Study material |

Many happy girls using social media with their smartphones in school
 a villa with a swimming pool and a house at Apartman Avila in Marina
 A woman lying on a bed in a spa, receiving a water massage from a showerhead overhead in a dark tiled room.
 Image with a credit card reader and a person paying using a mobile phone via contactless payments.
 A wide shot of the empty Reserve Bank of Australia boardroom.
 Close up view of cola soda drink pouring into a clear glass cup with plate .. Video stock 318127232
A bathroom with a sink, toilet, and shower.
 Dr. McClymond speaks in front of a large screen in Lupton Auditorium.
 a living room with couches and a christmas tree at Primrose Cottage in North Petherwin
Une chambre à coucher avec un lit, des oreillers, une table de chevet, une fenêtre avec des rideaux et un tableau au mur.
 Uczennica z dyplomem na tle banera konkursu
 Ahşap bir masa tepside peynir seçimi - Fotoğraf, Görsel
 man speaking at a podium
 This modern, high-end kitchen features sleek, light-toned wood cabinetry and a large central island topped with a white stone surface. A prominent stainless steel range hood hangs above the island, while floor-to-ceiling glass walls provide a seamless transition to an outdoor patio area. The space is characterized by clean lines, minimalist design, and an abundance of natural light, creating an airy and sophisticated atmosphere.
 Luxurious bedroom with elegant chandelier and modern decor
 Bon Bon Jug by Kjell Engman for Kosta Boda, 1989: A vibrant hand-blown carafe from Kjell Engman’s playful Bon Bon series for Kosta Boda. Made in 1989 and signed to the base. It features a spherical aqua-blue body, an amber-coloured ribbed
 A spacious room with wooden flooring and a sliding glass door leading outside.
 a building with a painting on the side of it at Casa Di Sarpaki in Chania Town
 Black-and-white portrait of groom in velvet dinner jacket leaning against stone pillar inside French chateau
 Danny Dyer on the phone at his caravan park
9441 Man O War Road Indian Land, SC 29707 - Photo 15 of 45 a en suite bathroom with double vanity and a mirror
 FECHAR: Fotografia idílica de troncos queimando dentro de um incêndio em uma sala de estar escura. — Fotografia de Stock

What you are asked to do | Give back, word for word, only the lines above from the line holding "A wide shot" to the line holding "a living room", both included.

Exercise answer |
 A wide shot of the empty Reserve Bank of Australia boardroom.
 Close up view of cola soda drink pouring into a clear glass cup with plate .. Video stock 318127232
A bathroom with a sink, toilet, and shower.
 Dr. McClymond speaks in front of a large screen in Lupton Auditorium.
 a living room with couches and a christmas tree at Primrose Cottage in North Petherwin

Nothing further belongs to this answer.